You’ve probably already done this before by making a search query that includes the name of your town or a “near me” in it. What you may not know is that Google factors your location into searches that don’t include those words, especially if the search involves industries that are typically local.
The proximity factor works by accounting for your location when you make the search and then boosting search results that are close to you, putting them higher up on the page. You can try this by conducting the same search from two different places in your city. If those locations are far away from each other, you’ll be sure to get different search results.
Local search wasn’t quite as important as it is now in the past because most searches used to be conducted from computers. However, with the rise of mobile devices, people can now conduct a search from nearly anywhere, and Google realized that they need to be able to cater to people based on location.
So how can you take advantage of this if you’re a marketer? The first thing that you need to consider is that there is a separate algorithm responsible for local rankings. Even though you’ll see the local map pack in regular organic searches, there’s an entirely different algorithm responsible for that.
What does that mean in practice? It means that you can get your business to show up in the local map pack and the organic search results. This may be a little confusing at first, and it doesn’t help that it sounds like you need to split your SEO efforts based on local and standard organic searches.
If you’re trying to improve your local SEO, there are a few factors that will help you pop up ahead of the competition. First, you’ll need to make it pretty clear where your business is located by mentioning your location on your site and ensuring that you have your Google My Business set up.
If your business has several locations, then you’re going to need individual landing pages for each of those locations to make it clear where they are located.
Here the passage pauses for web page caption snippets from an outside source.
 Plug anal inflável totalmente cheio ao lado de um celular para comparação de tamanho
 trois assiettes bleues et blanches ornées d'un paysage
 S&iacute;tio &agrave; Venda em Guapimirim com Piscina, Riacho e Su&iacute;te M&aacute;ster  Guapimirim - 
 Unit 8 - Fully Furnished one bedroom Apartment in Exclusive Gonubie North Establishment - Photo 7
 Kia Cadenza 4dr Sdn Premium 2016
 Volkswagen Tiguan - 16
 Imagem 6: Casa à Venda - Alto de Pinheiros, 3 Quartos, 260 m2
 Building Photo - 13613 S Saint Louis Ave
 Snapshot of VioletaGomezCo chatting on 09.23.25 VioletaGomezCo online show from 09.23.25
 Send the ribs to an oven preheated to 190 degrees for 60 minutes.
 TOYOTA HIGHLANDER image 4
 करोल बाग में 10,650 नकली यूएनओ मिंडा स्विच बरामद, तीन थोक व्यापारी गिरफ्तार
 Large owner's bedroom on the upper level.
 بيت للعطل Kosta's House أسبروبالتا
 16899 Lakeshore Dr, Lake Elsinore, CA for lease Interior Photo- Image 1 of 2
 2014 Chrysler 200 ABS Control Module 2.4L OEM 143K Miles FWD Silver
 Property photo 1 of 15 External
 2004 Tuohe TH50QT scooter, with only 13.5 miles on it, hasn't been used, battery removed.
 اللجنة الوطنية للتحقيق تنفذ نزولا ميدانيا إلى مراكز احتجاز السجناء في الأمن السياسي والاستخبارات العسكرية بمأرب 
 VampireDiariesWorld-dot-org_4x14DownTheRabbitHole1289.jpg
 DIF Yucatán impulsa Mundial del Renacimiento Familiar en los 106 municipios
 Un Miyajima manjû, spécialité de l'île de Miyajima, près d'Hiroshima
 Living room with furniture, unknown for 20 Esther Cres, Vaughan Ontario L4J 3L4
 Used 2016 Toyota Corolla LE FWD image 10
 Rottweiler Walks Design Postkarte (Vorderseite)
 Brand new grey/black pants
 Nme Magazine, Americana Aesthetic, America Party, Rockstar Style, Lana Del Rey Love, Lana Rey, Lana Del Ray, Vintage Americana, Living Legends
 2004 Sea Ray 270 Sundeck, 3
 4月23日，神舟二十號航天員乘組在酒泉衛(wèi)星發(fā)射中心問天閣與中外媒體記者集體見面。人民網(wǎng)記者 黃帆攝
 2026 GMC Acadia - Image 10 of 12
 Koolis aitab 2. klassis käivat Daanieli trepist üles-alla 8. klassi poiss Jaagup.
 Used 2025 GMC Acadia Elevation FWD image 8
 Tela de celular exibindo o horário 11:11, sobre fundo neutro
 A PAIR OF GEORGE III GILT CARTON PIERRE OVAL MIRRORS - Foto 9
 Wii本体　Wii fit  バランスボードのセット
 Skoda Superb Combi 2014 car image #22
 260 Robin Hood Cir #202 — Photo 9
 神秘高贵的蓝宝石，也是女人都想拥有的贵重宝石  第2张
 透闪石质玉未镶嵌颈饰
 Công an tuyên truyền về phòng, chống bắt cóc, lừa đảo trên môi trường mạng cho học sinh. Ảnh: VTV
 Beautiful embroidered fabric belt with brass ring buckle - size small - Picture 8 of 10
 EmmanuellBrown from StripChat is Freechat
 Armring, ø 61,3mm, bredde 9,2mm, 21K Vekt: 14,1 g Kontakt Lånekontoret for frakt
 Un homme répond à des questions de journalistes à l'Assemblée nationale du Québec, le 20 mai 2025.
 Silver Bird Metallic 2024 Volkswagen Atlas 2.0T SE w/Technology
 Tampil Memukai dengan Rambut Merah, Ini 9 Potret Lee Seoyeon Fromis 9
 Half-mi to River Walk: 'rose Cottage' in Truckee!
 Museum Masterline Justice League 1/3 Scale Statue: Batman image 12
As always, you’ll need to follow SEO best practices by ensuring that your heading tags and meta descriptions are all in order.
Another factor that plays into improving your local SEO is reviews. If you have reviews from users located in a specific area, then Google knows that your business is located there in the first place. This is another reason why having your Google My Business set up is crucial.
You can also use SEO tools like our SERP Checker to see how your business shows up in different areas and you can also do local keyword research to see what the crowd in your area commonly searches for. Don’t forget to include some location-based content on your site if you really want to hammer the point home.
We hope that we’ve been able to give you a better idea of what local SEO is and how you can ensure that your business is more likely to benefit from it. While local SEO may not apply to all businesses, it’s pretty crucial for those that it does, especially for businesses like restaurants.
Don’t forget that local SEO is just like every other form of SEO in that it’s ever-changing, so don’t get complacent and make sure that you keep up with all of the most recent developments to make the most of it.